My initial discomfort came from my great reverence for Sibelius and his music. To me, the term originally sounded like an honourific, a title that only the priviledged few who have devoted their lives to Sibelius' music should be allowed to carry. In this vein it also required a special focus on Sibelius' music: if a musician is better known for interpretations of another composer's works or has an eclectic repertoire, he mustn't be considered a Sibelian. When the term began to be applied to listeners, in the sense that a concert-goer could be considered a "Sibelian", my scepticism grew. Parallel to these ideas, my inquietude was also rooted in the fact that I would personally never call myself a Sibelian and never have, nor have I ever used that term in a Forum discussion. I secretly longed to have someone else call me a Sibelian, although for a long time I felt unworthy of that distinction.

Then earlier this year I had a change of heart while reading an article about "Opera buffs", where "Wagner aficionados" mingled with "Mozart lovers" and "Verdi enthusiasts". It occured to me that to attach the suffix "-ian" to almost any other composer's name when describing his followers was somewhat trite if not meaningless. And by comparison, to say that one is a "Sibelius lover" sounds somewhat empty and vague. I had come to the conclusion that the only composer who's name could be applied in descriptive form to his most devoted listeners is indeed Sibelius. I realized that for those to whom Sibelius' music speaks, a special bond forms, an intimate relationship is forged and a new person is born: a Sibelian. And to call oneself a Sibelian is not boasting, it is more of a statement about Sibelius' music that about the individual. It is a testimony to the man who's art has changed our lives and souls, forever.

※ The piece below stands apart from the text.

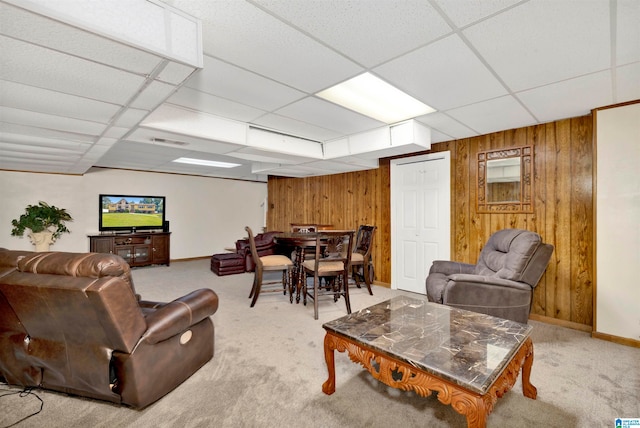 carpeted living room featuring a drop ceiling and wood walls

In this respect, for the first time ever I humbly state, That I am a Sibelian.

Are you?


----------



## Chi_townPhilly

Well, hello again, *Maestro K*!

All I can do is hope that your absence from this forum has something to do with some manner of nascent career success. It's good to hear from you!

The only thing of relevance that I can add is that I've found your particular composer-specific forum worth the read. Congratulations, and Best Wishes for your next year! CTP


----------